> [Data supplied]:
▼

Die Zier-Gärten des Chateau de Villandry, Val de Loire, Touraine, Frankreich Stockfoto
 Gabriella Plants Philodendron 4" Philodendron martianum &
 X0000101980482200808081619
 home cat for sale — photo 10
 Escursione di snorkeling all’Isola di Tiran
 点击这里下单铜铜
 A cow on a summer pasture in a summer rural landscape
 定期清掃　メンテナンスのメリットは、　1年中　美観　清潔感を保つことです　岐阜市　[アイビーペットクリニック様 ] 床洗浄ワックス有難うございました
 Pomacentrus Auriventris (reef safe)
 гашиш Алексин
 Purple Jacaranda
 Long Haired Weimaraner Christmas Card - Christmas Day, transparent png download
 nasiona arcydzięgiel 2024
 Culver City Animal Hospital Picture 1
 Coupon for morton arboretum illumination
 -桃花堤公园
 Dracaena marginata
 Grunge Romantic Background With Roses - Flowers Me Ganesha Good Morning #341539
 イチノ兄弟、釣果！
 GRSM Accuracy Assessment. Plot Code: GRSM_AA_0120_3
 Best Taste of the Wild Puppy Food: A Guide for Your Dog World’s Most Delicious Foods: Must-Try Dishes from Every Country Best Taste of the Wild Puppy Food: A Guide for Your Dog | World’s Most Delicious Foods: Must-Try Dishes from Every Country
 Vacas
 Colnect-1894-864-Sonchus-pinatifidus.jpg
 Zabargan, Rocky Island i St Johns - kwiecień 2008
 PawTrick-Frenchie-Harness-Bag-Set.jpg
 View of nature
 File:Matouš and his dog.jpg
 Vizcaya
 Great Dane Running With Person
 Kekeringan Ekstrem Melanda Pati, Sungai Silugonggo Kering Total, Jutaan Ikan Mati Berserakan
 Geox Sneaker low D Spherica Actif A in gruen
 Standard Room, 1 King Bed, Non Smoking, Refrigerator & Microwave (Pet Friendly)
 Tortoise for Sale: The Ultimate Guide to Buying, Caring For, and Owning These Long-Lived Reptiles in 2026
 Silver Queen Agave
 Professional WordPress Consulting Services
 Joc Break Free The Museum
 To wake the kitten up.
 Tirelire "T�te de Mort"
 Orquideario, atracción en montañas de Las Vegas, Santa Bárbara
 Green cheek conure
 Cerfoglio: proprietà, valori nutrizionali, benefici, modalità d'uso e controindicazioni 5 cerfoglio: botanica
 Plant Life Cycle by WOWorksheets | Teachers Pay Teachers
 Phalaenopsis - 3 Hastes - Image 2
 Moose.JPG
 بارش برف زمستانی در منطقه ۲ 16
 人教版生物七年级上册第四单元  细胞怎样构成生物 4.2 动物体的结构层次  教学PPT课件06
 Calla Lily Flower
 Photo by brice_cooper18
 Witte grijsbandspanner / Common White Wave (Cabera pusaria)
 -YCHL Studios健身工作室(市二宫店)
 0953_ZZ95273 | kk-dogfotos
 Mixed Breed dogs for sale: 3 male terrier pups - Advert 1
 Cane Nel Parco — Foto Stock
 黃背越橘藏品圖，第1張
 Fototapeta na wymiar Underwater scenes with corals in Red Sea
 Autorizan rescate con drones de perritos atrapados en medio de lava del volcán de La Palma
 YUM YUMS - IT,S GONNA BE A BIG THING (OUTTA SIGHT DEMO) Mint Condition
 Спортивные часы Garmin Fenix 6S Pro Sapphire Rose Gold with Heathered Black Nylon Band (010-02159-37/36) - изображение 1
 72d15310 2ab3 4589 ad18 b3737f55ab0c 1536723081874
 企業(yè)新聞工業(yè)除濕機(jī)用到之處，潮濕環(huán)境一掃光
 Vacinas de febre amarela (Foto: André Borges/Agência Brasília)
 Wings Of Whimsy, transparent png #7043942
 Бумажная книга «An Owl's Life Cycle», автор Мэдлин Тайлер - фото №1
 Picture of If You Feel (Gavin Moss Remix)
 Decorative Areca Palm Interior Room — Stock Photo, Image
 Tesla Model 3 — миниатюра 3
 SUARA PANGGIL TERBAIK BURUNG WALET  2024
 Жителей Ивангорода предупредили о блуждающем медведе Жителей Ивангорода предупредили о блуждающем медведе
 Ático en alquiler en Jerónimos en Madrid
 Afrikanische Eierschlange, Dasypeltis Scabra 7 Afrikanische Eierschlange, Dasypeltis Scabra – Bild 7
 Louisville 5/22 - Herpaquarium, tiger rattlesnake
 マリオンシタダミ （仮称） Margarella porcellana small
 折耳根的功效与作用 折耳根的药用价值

▲

> [Goal of the exercise]: Please set down the material above once more, word for word.

> [Answer box]:
Die Zier-Gärten des Chateau de Villandry, Val de Loire, Touraine, Frankreich Stockfoto
 Gabriella Plants Philodendron 4" Philodendron martianum &
 X0000101980482200808081619
 home cat for sale — photo 10
 Escursione di snorkeling all’Isola di Tiran
 点击这里下单铜铜
 A cow on a summer pasture in a summer rural landscape
 定期清掃　メンテナンスのメリットは、　1年中　美観　清潔感を保つことです　岐阜市　[アイビーペットクリニック様 ] 床洗浄ワックス有難うございました
 Pomacentrus Auriventris (reef safe)
 гашиш Алексин
 Purple Jacaranda
 Long Haired Weimaraner Christmas Card - Christmas Day, transparent png download
 nasiona arcydzięgiel 2024
 Culver City Animal Hospital Picture 1
 Coupon for morton arboretum illumination
 -桃花堤公园
 Dracaena marginata
 Grunge Romantic Background With Roses - Flowers Me Ganesha Good Morning #341539
 イチノ兄弟、釣果！
 GRSM Accuracy Assessment. Plot Code: GRSM_AA_0120_3
 Best Taste of the Wild Puppy Food: A Guide for Your Dog World’s Most Delicious Foods: Must-Try Dishes from Every Country Best Taste of the Wild Puppy Food: A Guide for Your Dog | World’s Most Delicious Foods: Must-Try Dishes from Every Country
 Vacas
 Colnect-1894-864-Sonchus-pinatifidus.jpg
 Zabargan, Rocky Island i St Johns - kwiecień 2008
 PawTrick-Frenchie-Harness-Bag-Set.jpg
 View of nature
 File:Matouš and his dog.jpg
 Vizcaya
 Great Dane Running With Person
 Kekeringan Ekstrem Melanda Pati, Sungai Silugonggo Kering Total, Jutaan Ikan Mati Berserakan
 Geox Sneaker low D Spherica Actif A in gruen
 Standard Room, 1 King Bed, Non Smoking, Refrigerator & Microwave (Pet Friendly)
 Tortoise for Sale: The Ultimate Guide to Buying, Caring For, and Owning These Long-Lived Reptiles in 2026
 Silver Queen Agave
 Professional WordPress Consulting Services
 Joc Break Free The Museum
 To wake the kitten up.
 Tirelire "T�te de Mort"
 Orquideario, atracción en montañas de Las Vegas, Santa Bárbara
 Green cheek conure
 Cerfoglio: proprietà, valori nutrizionali, benefici, modalità d'uso e controindicazioni 5 cerfoglio: botanica
 Plant Life Cycle by WOWorksheets | Teachers Pay Teachers
 Phalaenopsis - 3 Hastes - Image 2
 Moose.JPG
 بارش برف زمستانی در منطقه ۲ 16
 人教版生物七年级上册第四单元  细胞怎样构成生物 4.2 动物体的结构层次  教学PPT课件06
 Calla Lily Flower
 Photo by brice_cooper18
 Witte grijsbandspanner / Common White Wave (Cabera pusaria)
 -YCHL Studios健身工作室(市二宫店)
 0953_ZZ95273 | kk-dogfotos
 Mixed Breed dogs for sale: 3 male terrier pups - Advert 1
 Cane Nel Parco — Foto Stock
 黃背越橘藏品圖，第1張
 Fototapeta na wymiar Underwater scenes with corals in Red Sea
 Autorizan rescate con drones de perritos atrapados en medio de lava del volcán de La Palma
 YUM YUMS - IT,S GONNA BE A BIG THING (OUTTA SIGHT DEMO) Mint Condition
 Спортивные часы Garmin Fenix 6S Pro Sapphire Rose Gold with Heathered Black Nylon Band (010-02159-37/36) - изображение 1
 72d15310 2ab3 4589 ad18 b3737f55ab0c 1536723081874
 企業(yè)新聞工業(yè)除濕機(jī)用到之處，潮濕環(huán)境一掃光
 Vacinas de febre amarela (Foto: André Borges/Agência Brasília)
 Wings Of Whimsy, transparent png #7043942
 Бумажная книга «An Owl's Life Cycle», автор Мэдлин Тайлер - фото №1
 Picture of If You Feel (Gavin Moss Remix)
 Decorative Areca Palm Interior Room — Stock Photo, Image
 Tesla Model 3 — миниатюра 3
 SUARA PANGGIL TERBAIK BURUNG WALET  2024
 Жителей Ивангорода предупредили о блуждающем медведе Жителей Ивангорода предупредили о блуждающем медведе
 Ático en alquiler en Jerónimos en Madrid
 Afrikanische Eierschlange, Dasypeltis Scabra 7 Afrikanische Eierschlange, Dasypeltis Scabra – Bild 7
 Louisville 5/22 - Herpaquarium, tiger rattlesnake
 マリオンシタダミ （仮称） Margarella porcellana small
 折耳根的功效与作用 折耳根的药用价值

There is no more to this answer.